The architecture of the microgrid Energy Management System (EMS) is illustrated in Figure 1. It supplies power from various distributed energy resources and the main grid. Under normal conditions, the system operates the grid with a focus on economic efficiency and environmental sustainability. In certain situations, it also supports islanded operation during power outages. The overall structure of the microgrid simulation is shown in Figure 2, with key components including data processing, SCADA/EMS for monitoring and control, and data collection, as well as SILS and PLC.
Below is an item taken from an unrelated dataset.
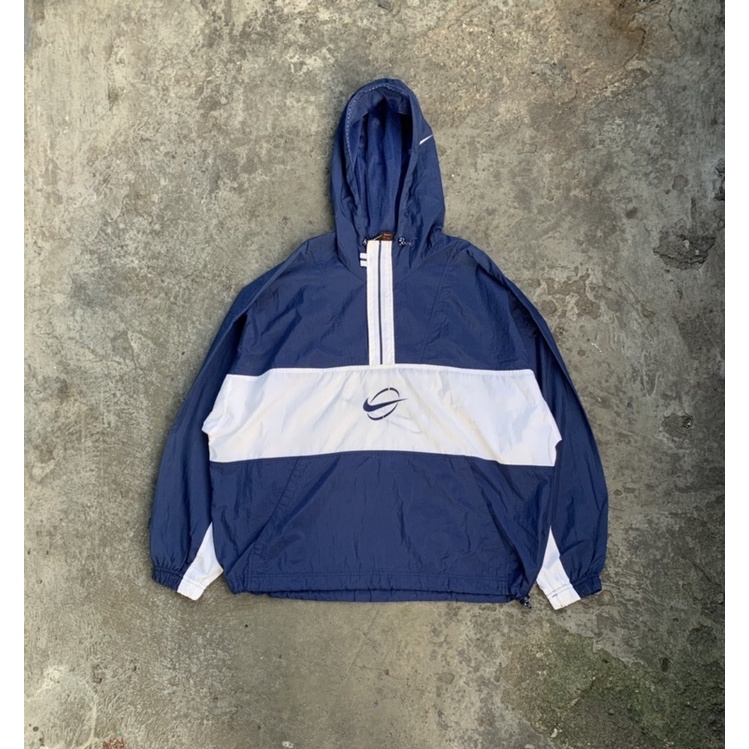 windbreaker nike center swoosh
The power system is configured using Matlab/Simulink, allowing for the setting of initial modeling values for distributed power sources and the power system. Data processing is responsible for preprocessing and storing data collected from the designed microgrid site. The OPC-UA (Open Platform Communication Unified Architecture) protocol is used for data communication between the microgrid site and the data processing hub, providing high compatibility and security. The system includes an EMS (Energy Management System) server, which contains a database for storing operational and simulation result data of the microgrid. The EMS supports real-time optimization based on the designed system values. It monitors real-time operational data and simulation results of the microgrid and updates the distributed power source profile of the actual microgrid EMS. The updated control signals are transmitted to the replica PLC (programmable logic controller) to perform local control via AGC signals. In this process, it is crucial to pre-validate the appropriateness of the generated control signals to ensure power grid stability and optimized operation. This study proposes a SILS (Software-In-the-Loop Simulation) framework as a validation tool for this purpose.
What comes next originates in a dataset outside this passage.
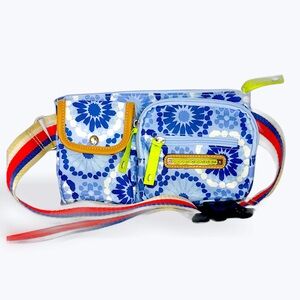 LILY BLOOM Women’s Blue Floral Print adjustable belt bag Fanny pack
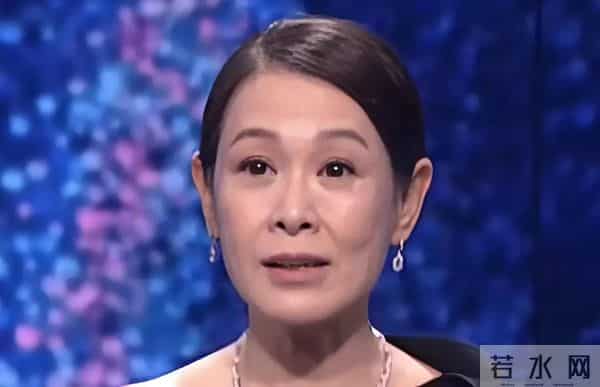 56岁刘若英断崖式衰老，生图曝光变小老太太，脸上无肉气色差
Compared to previous approaches [8,9,17,18] that often relied on partial simulations or lacked real-time SCADA interactions, the proposed framework enables bidirectional data flow between SCADA/EMS and MATLAB/Simulink environments. While earlier studies validated limited control components or static scenarios, this study addresses complete microgrid operational strategies including optimal scheduling, dynamic behavior simulation, and flexible switching between grid-connected and islanded modes. By supporting a real-time feedback loop, the proposed SILS platform enhances the reliability and scalability of pre-validation processes for practical microgrid deployments.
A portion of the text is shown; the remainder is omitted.